Posture guidelines – Stance
- Stance affects musculoskeletal integrity.
- It creates a closed kinetic chain among the 4 main support systems: Feet, pelvis, torso and cervical region.
- Forces are transmitted between “links”; pathologies in one region can instigate problems elsewhere.
- Perfect posture is the state of muscular and skeletal balance.
- Perfect posture provides optimum mobility and function.
- Poor posture allows the body to give into external forces, compromising function and predisposing the body to physical problems.
1. Effects of footwear on posture
When wearing heels, the gastrocnemius/soleus complex is tightened (in plantar flexion) in an attempt to maintain balance and to maintain body weight over the base of support.
This normally leads to hyperextension of the knees, which can then lead to exaggerated spinal curvatures (upper and lower cross syndrome).
It is recommended that flat shoes are worn or wearing high-heeled shoes are minimised.
2. Postural effects on breast tissue in women
A rounded shoulder position will allow breast tissue to be further influenced by gravity. Correction of shoulder girdle position can greatly affect the shape and general aesthetics of the breasts.
This becomes even more important for prescribing exercise when a lady is considering breast implants or already has them due to the extra weight. Corrective exercise for a rounder shoulder posture is highly recommended.
3. Q angle
To allow childbirth, females have wider hips than men.
The angle from the greater trochanter to the knee joint is known as the Q angle.

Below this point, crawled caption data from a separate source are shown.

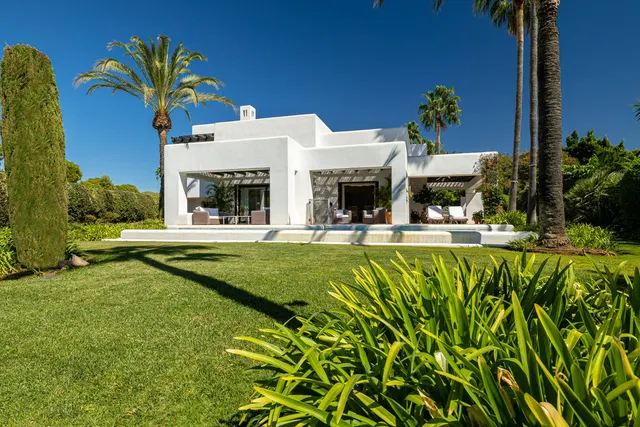 Chalet 4 habitaciones 615m² en venta - Costa Del Sol — 13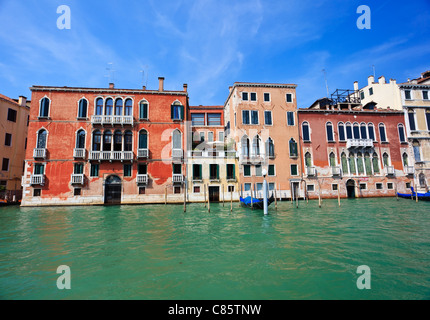 Typischen bunten venezianischen Häusern im gotischen Stil sichtbar vom Canal Grande von Venedig Stockfoto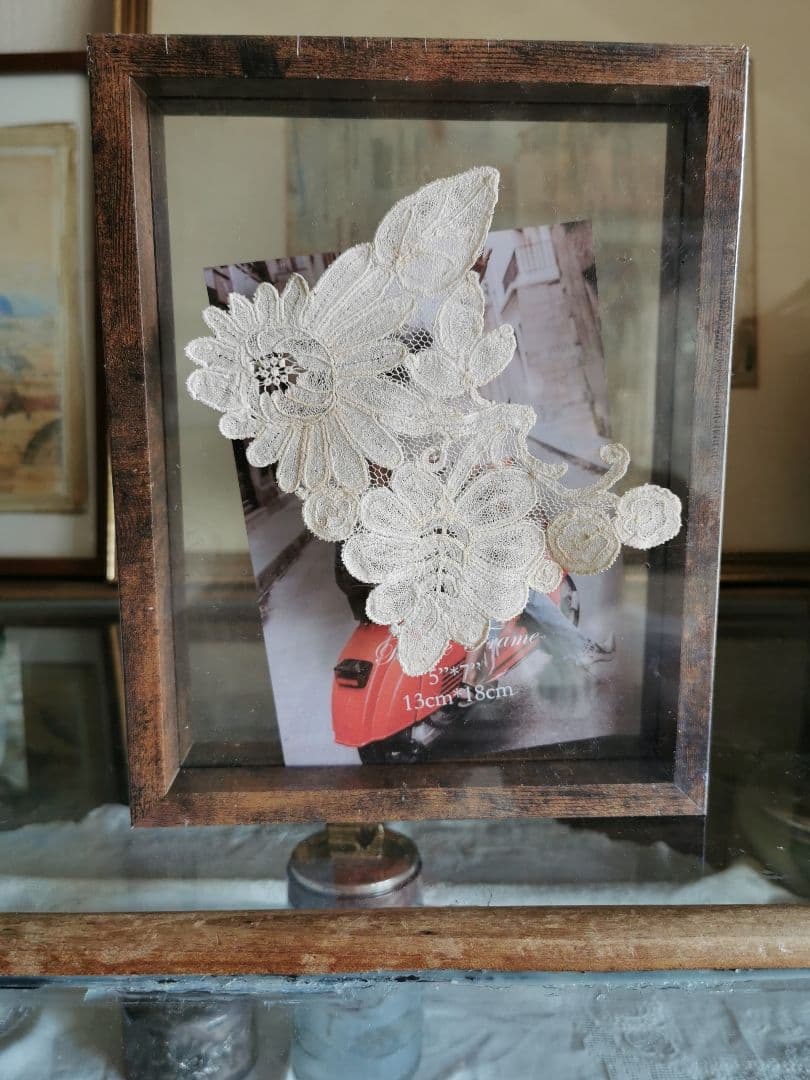 アンティーク 大輪のポワンドローズ 両面ガラス木製フレーム付き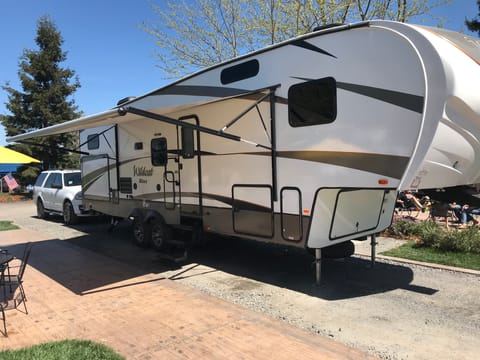 Great 5th Wheel Ready for Your Family Vacation! Towable trailer in Santa Rosa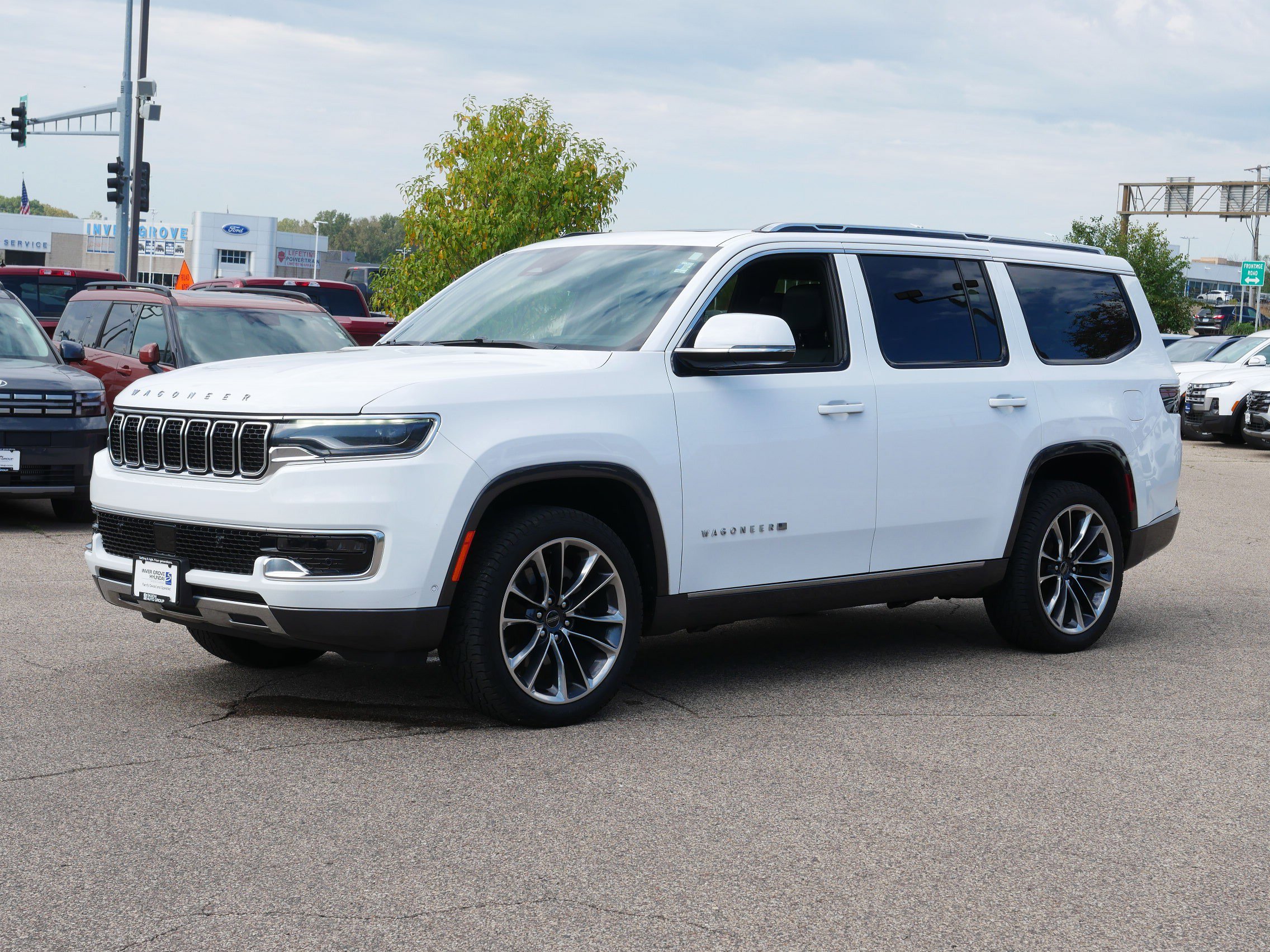 Used 2022 Jeep Wagoneer Series III with VIN 1C4SJVDT1NS103012 for sale in Inver Grove Heights, Minnesota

A greater Q angle is associated with a number of orthopaedic conditions. These include:
– ITB syndrome
– Pronation syndrome
– Laterally tracking patella
– Anterior pelvic tilt
– Any over pronation injury
4. Survival and hormonal and lifestyle factors
During puberty, the gluteus medius in females weakens to create a ‘wiggle’ during gait to attract a potential male mate.
A weakness to gluteus medius can also be cause when a mother holds their baby predominantly on one hip due to the constant stretching.
Faulty motor patterns can be created due to these factors and if a lack of exercise is carried out post puberty and/or pregnancy, the weakness will remain. With weak gluteus medius, there is a tendency to hang off tendons and ligaments. This stabilizer dysfunction will cascade through the kinetic chain.